AVAILABLE DATA:
━━━━━━━━━━━━━━━━━━━━━━━━━━━━━━

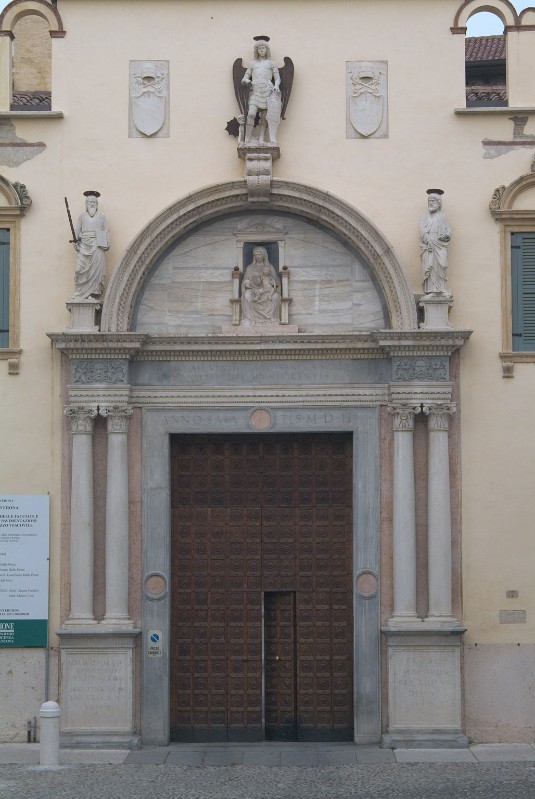 Giovanni da Verona (1502), Portale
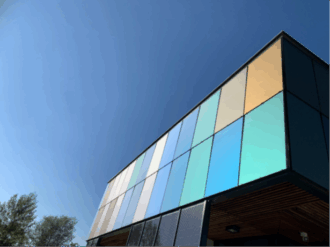 Buntes Gebäude mit PV Anlage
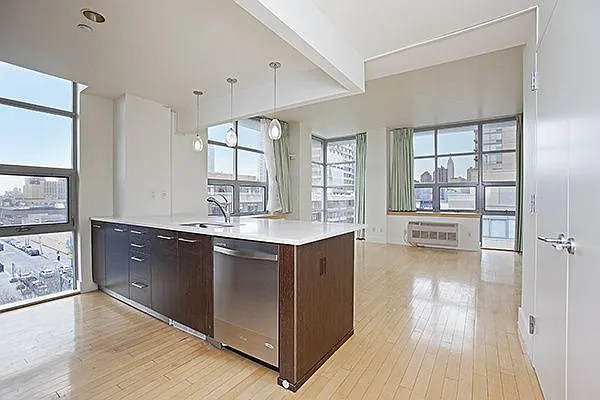 Rented by Nest Seekers International | media 25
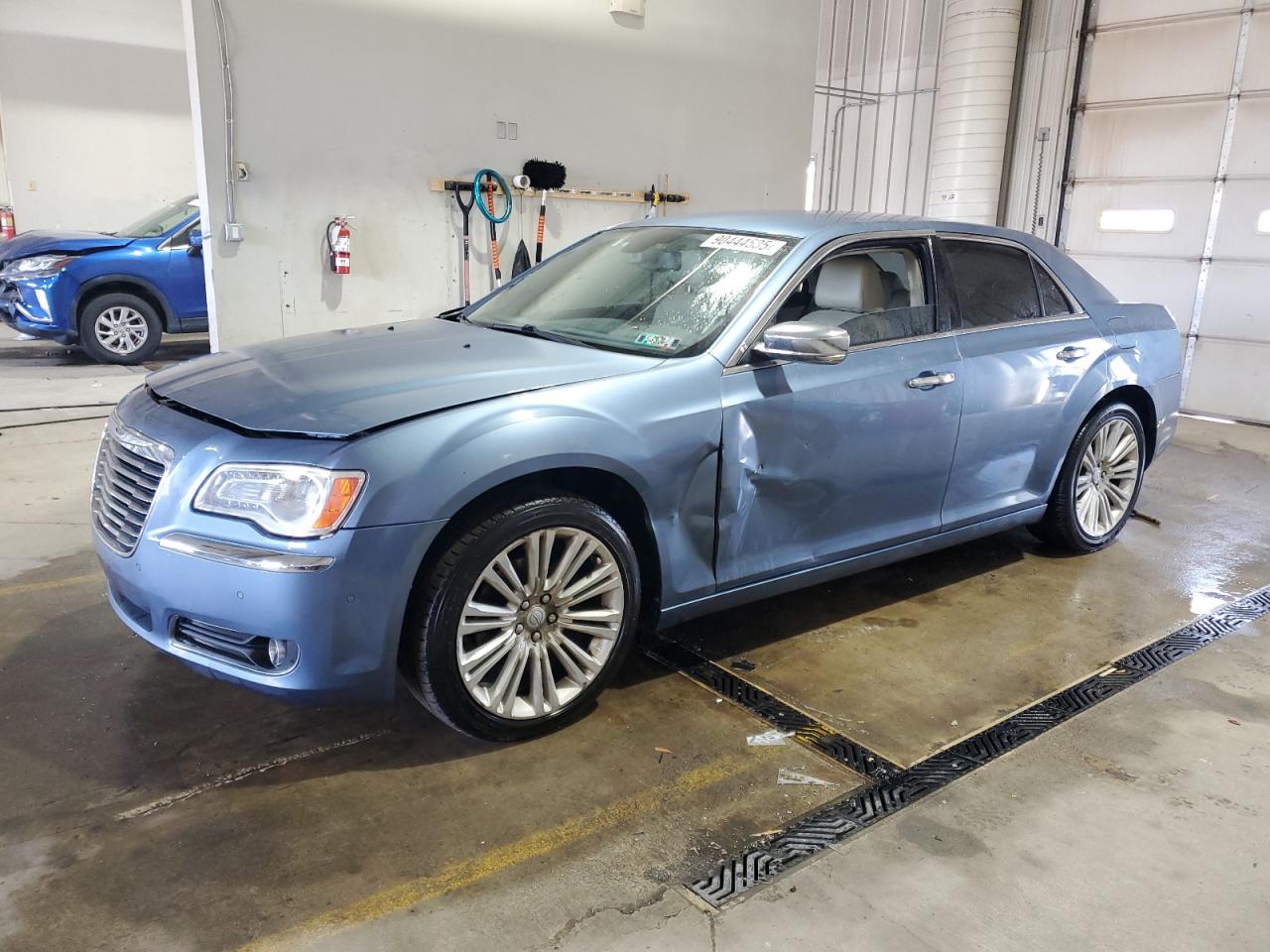 Lot #3315961113 2011 CHRYSLER 300 LIMITE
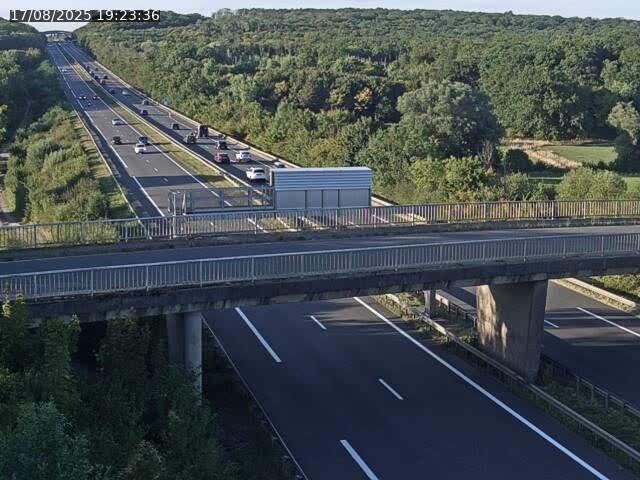 Caméra autoroute France - A31, Zoufftgen direction Luxembourg-ville, à la frontière entre la France et le Luxembourg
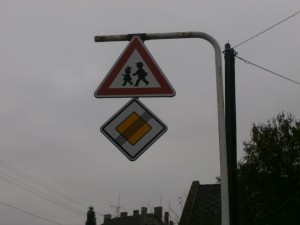 Konec hlavní silnice a pozor na nás,řidiči.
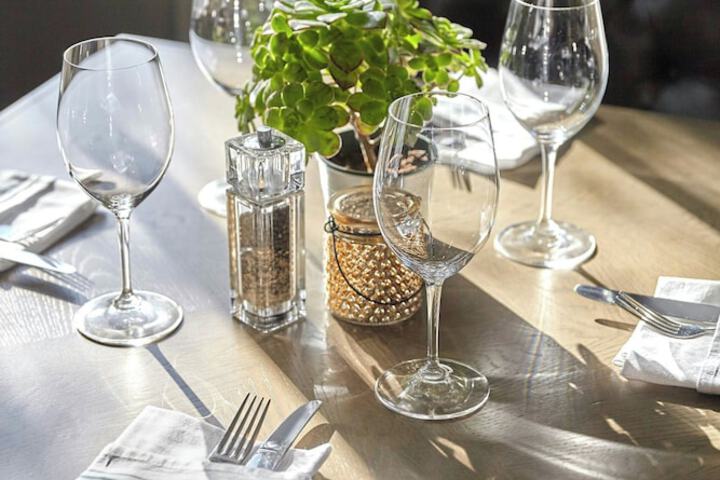 Dining 59 of 74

━━━━━━━━━━━━━━━━━━━━━━━━━━━━━━

YOUR OBJECTIVE:
Please give all of the material again, exactly, without the images.

FINAL ANSWER:
 Giovanni da Verona (1502), Portale
 Buntes Gebäude mit PV Anlage
 Rented by Nest Seekers International | media 25
 Lot #3315961113 2011 CHRYSLER 300 LIMITE
 Caméra autoroute France - A31, Zoufftgen direction Luxembourg-ville, à la frontière entre la France et le Luxembourg
 Konec hlavní silnice a pozor na nás,řidiči.
 Dining 59 of 74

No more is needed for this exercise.